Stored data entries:

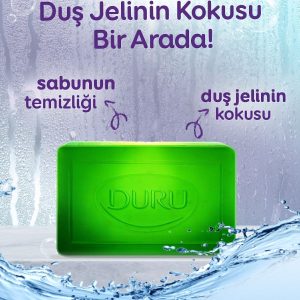 صابون جامد اورجینال برند Duru مدل 16 Adet Banyo Sabunu 4x600gr کد 6898658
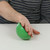 CanDo Wrist/Forearm Exerciser, Medium, Green, Ball Only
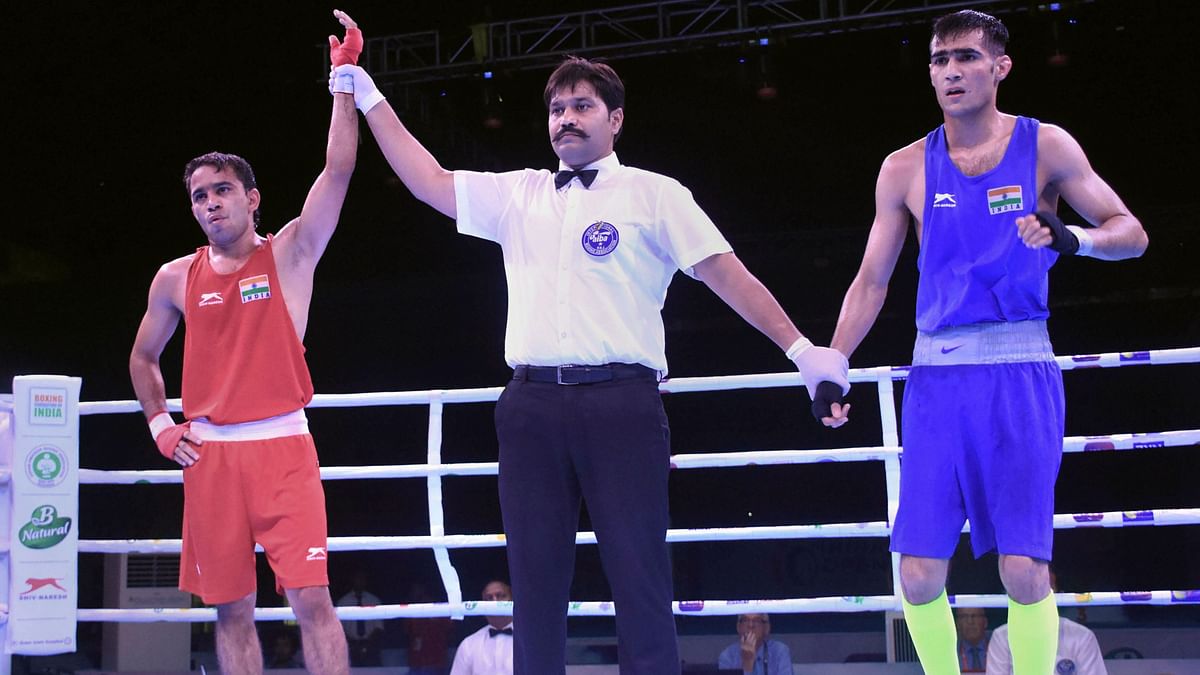 India swept the medals in four men’s categories & three in women’s to conclude their campaign with 12  gold medals.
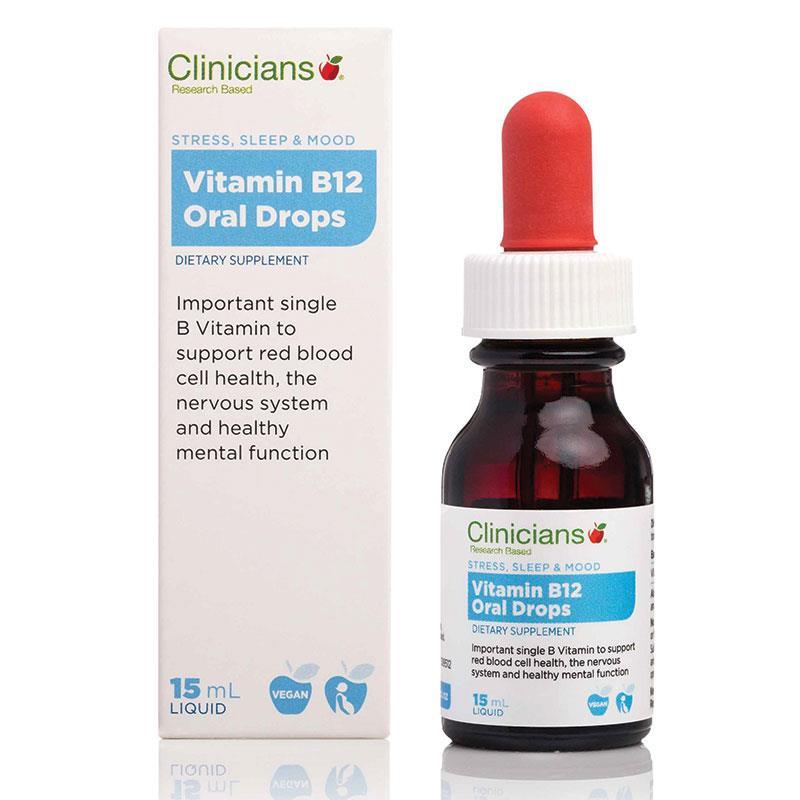 CLINIC. Vit. B12 Oral drops 15ml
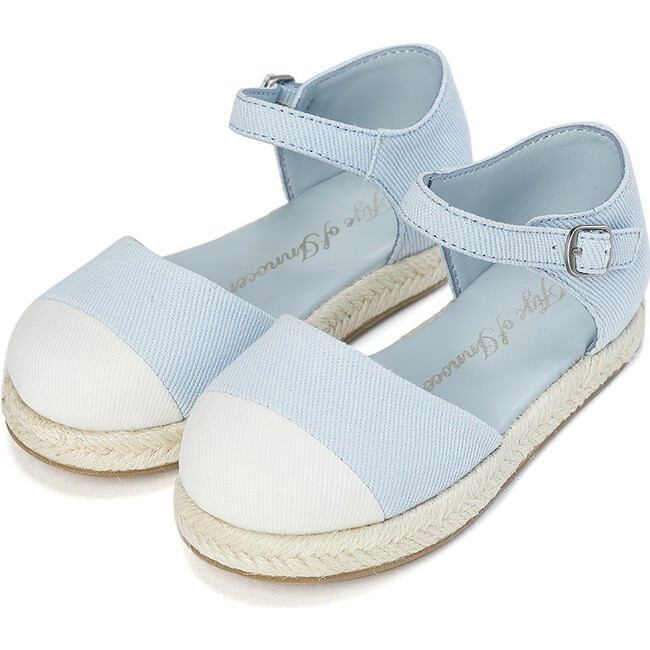 Marissa Espadrilles, Blue & White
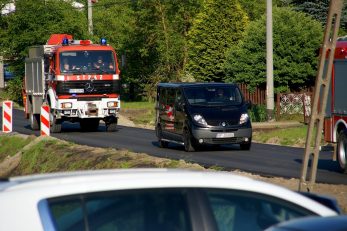 Uroczysta Msza św. pod przewodnictwem ks. Bpa Krzysztofa Chudzio – Peregrynacja Obrazu Najświętszego Serca Pana Jezusa (przywitanie)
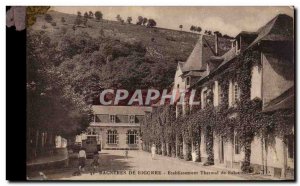 Postcard Old Bagnerres de Bigorre Thermal Hi Establishment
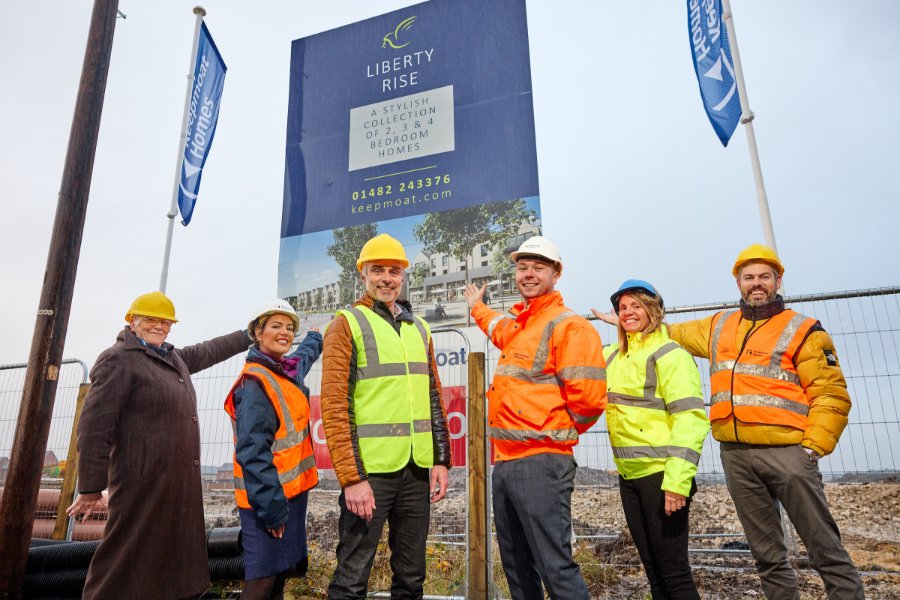 Keepmoat invests £25.25 million into Hull regeneration project at former council estate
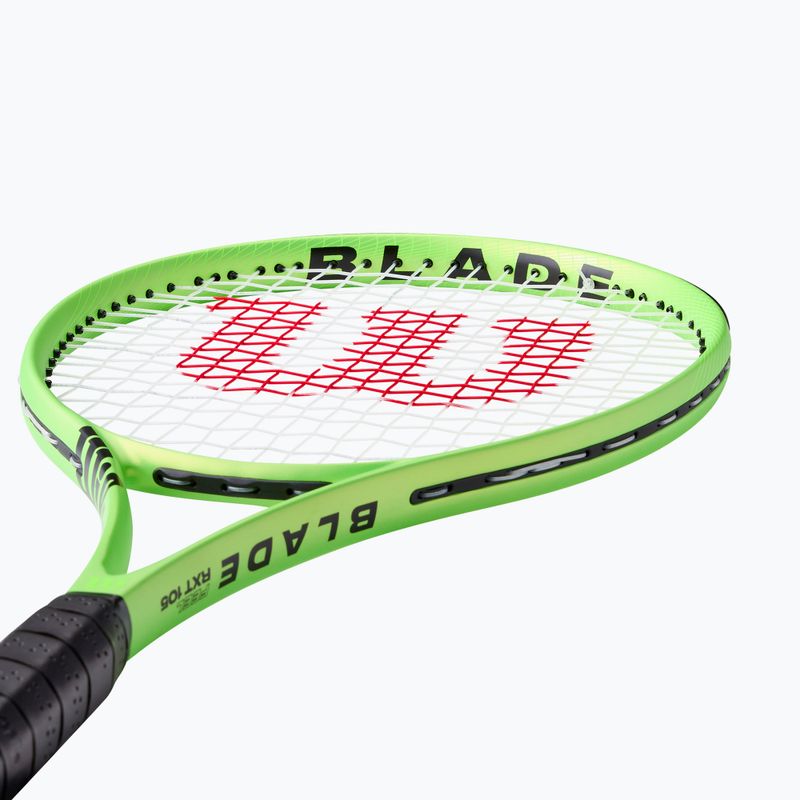 Racchetta da tennis Wilson Blade Feel RXT 105 green 5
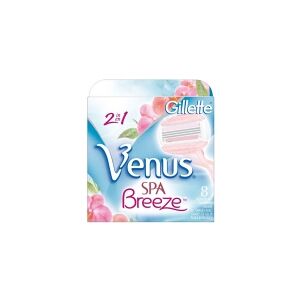 Gillette Women Venus Breeze SPA, 8 hoved(er)
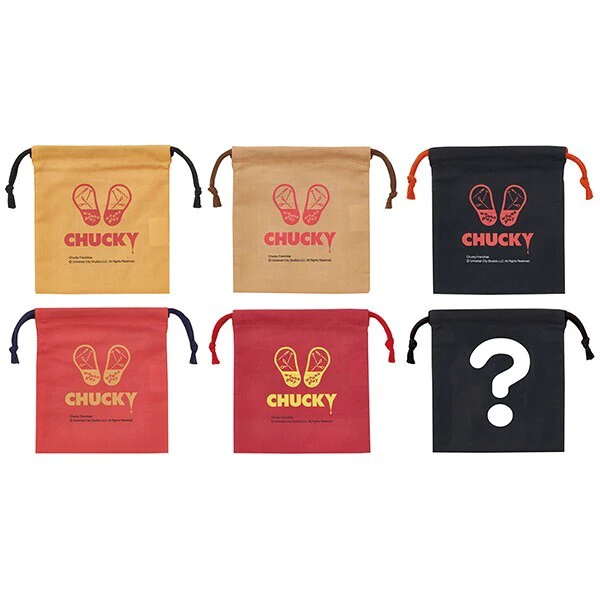 📢開團啦 約3月22日截單一次日本直送~新款Chucky索袋套裝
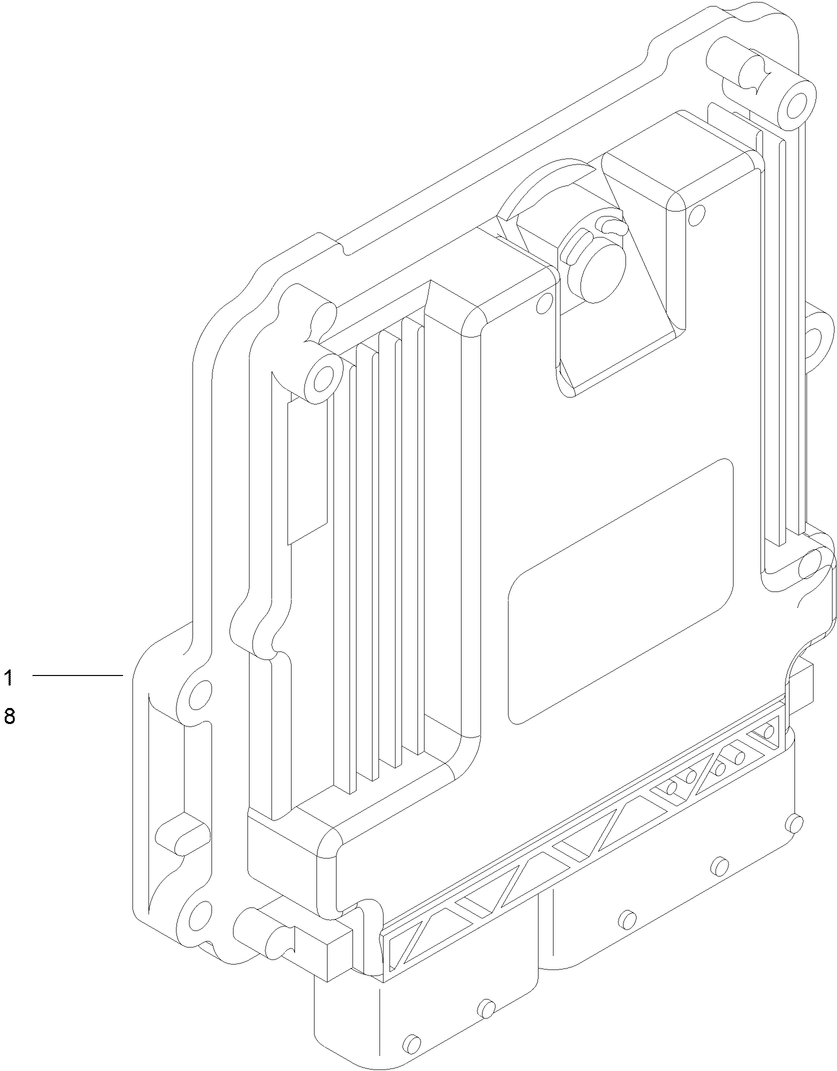 Electronic Control Unit Assembly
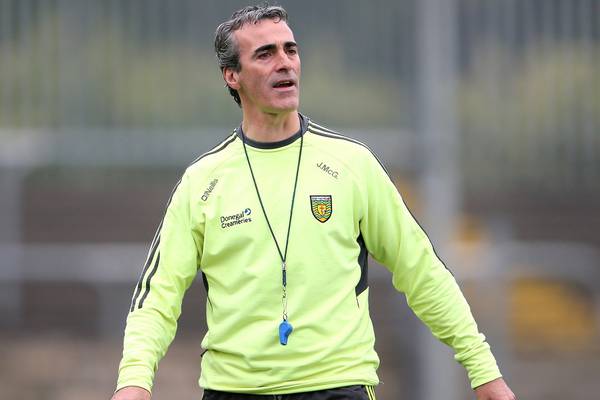 Jim McGuinness says he won’t be taking Mayo manager’s job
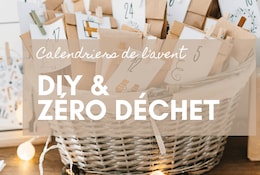 Calendriers de l'Avent à faire soi-même : 4 idées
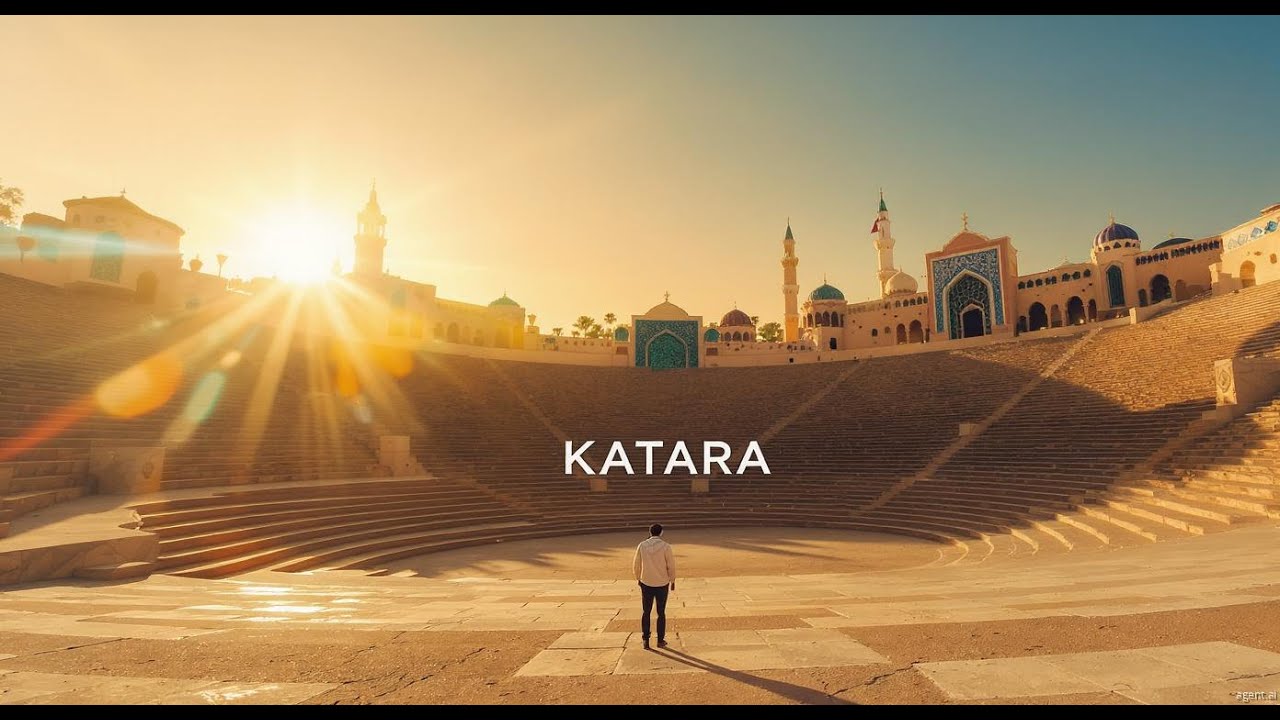 Katara Cultural Village 🇶🇦 | The Cultural Heart of Qatar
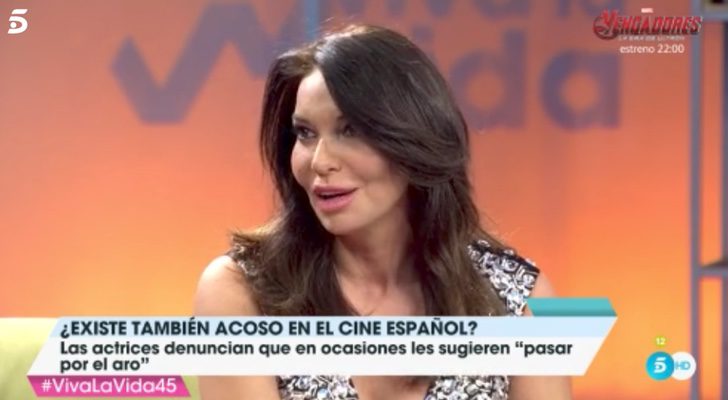 María Abradelo en 'Viva la vida'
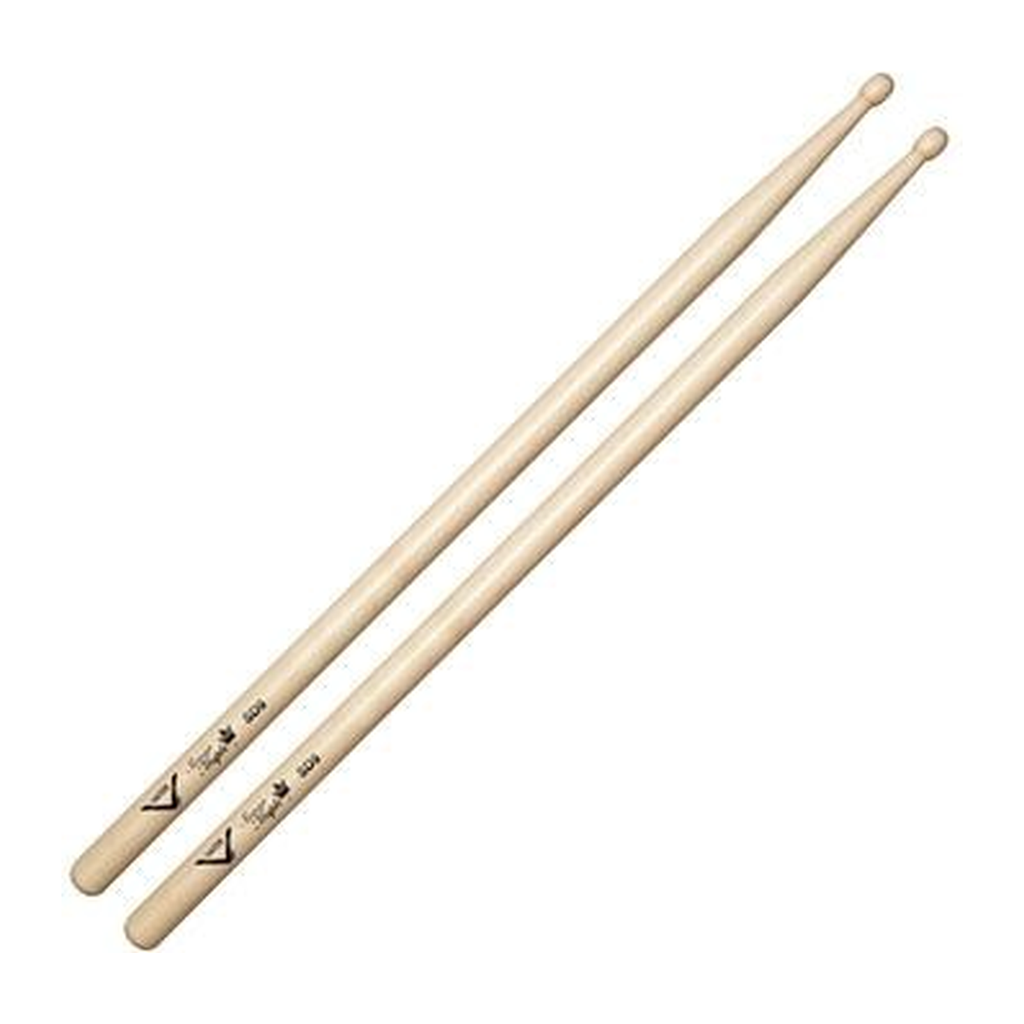 Vater Sugar Maple SD9 — Baguettes de batterie en érable à sucre, pointe en bois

▸ **Goal of the exercise**: When you reach the line with "Keepmoat invests £25.25" in the records above, start writing out each line exactly, and stop after the line with "Jim McGuinness says". Pictures stay out.

▸ **Response area**:
 Keepmoat invests £25.25 million into Hull regeneration project at former council estate
 Racchetta da tennis Wilson Blade Feel RXT 105 green 5
 Gillette Women Venus Breeze SPA, 8 hoved(er)
 📢開團啦 約3月22日截單一次日本直送~新款Chucky索袋套裝
 Electronic Control Unit Assembly
 Jim McGuinness says he won’t be taking Mayo manager’s job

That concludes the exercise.